In Management's opinion, the information and amounts furnished
in this report reflect all adjustments which are necessary for
the fair presentation of the financial position and results of
operations for the periods presented. All adjustments are of a
normal and recurring nature. It is suggested that these
financial statements be read in conjunction with the Company's
Annual Report on Form 10-K for the fiscal year ended December
29, 1996 and the Company's Quarterly Report on Form 10-Q for the
forty weeks ended October 5, 1997.
There have been no changes in accounting policies nor has the
composition of accounts substantially changed since the year
ended December 29, 1996.
The fiscal year consists of a 52/53 week year ending the last
Sunday of the year.
The Company has historically reported lower earnings in the
first and fourth quarters of the year due to the seasonality of
the Company's business. The results of operations for the
quarters ended October 5, 1997 and October 6, 1996 are not
necessarily indicative of the operating results for the entire
year.
B. The net earnings per share is computed by dividing net earnings
by the weighted average number of common and common equivalent
shares outstanding.
The Company will adopt Statement of Financial Accounting
Standards No. 128 "Earnings Per Share" for the year ended
December 28, 1997. This accounting pronouncement requires the
disclosure of basic and diluted earnings per share. The Company
believes that, upon adoption, diluted earnings per share will
approximate earnings per share as previously reported. Because
the concept of basic earnings per share does not include the
impact of common stock equivalents, such as stock warrants and
stock options, basic earnings per share will be generally higher
than diluted earnings per share.
C. The number of shares outstanding and earnings per share have
been adjusted to reflect the effect of the 5-for-4 stock split
on May 14, 1993, and the 4-for-3 stock split on March 28, 1994.
<PAGE> 7
ShoLodge, Inc. and Subsidiaries Management's Discussion and Analysis of
Financial Condition and Results of Operations
Results of Operations
For the Fiscal Quarters and Fiscal Year-to-date Periods Ended October 5, 1997
and October 6, 1996.
Total revenues for the fiscal quarter ended October 5, 1997 increased
5.1% to $18.8 million from $17.9 million for the same period in 1996. For the
three fiscal quarters ended October 5, 1997, total revenues increased 22.2% to
$59.9 million from $49.0 million for the same period in 1996.
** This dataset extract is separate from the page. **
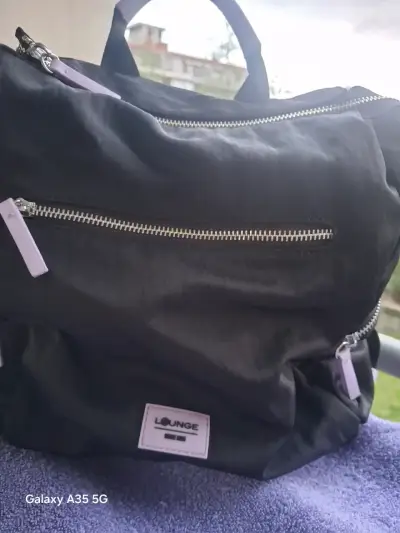 Mochila negra con cremalleras Lounge - miniatura 1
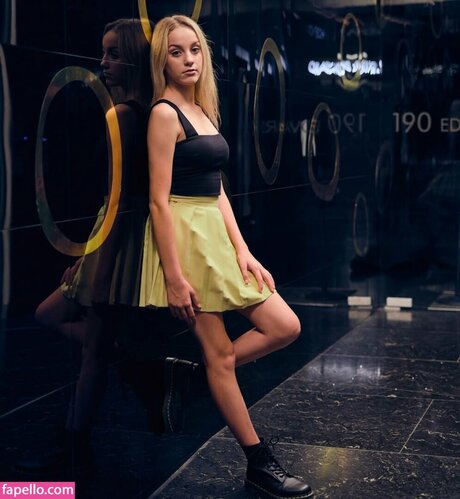 Nicola Crisa nice actress photos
Revenues from hotel operations in the third fiscal quarter 1997
increased 11.7% to $18.1 million from $16.2 million for the same period in
1996. For the 40 hotels opened for all of both quarterly periods (same hotels),
average daily room rates in the third fiscal quarter of 1997 decreased 1.4% to
$56.13 from $56.93 in the third quarter of 1996 and average occupancy rates
decreased to 62.5% from 63.7%, resulting in a decrease in same hotel revenues of
5.6%. The eight hotels opened after the second quarter of 1996 contributed $6.1
million to hotel revenues in the third quarter of 1997 compared to $3.5 million
for the same period in fiscal 1996. Revenues from hotel operations in the first
three quarters of 1997 increased 28.9% to $57.2 million from $44.4 million for
the same period in 1996. For the 33 same hotels, average daily room rates in the
first three quarters of 1997 increased 1.9% to $53.95 from $52.97 in the first
three quarters of 1996 and average occupancy rates decreased to 61.0% from
63.5%, resulting in a net decrease in same hotel revenues of 0.8%. The 15 hotels
opened during 1996 and the first three quarters of 1997 contributed $18.3
million to hotel revenues in the first three quarters of 1997 compared to $5.1
million for the same period in fiscal 1996.
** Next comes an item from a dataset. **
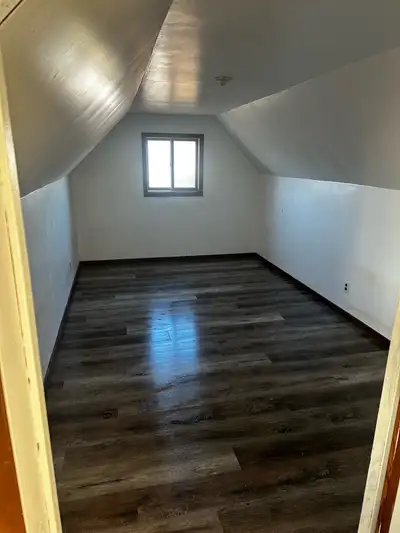 The Farmhouse features 2 spacious bedrooms, 2 well-maintained bathrooms, a comfortable living room,...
There were no revenues from regular construction and development
activities for the third fiscal quarter of 1997 compared with a negligible
amount for the same period in 1996. There were no revenues from regular
construction and development activities for the first three quarters of 1997
compared to $529,000 in the same period last year. Revenues from construction
and development can vary widely from quarter to quarter depending upon the
volume of outside contract work and the timing of those projects. No outside
construction projects were in progress during the first three quarters of 1997
compared with the final portion of only one project during the comparable period
in 1996. No outside construction contracts are currently in progress.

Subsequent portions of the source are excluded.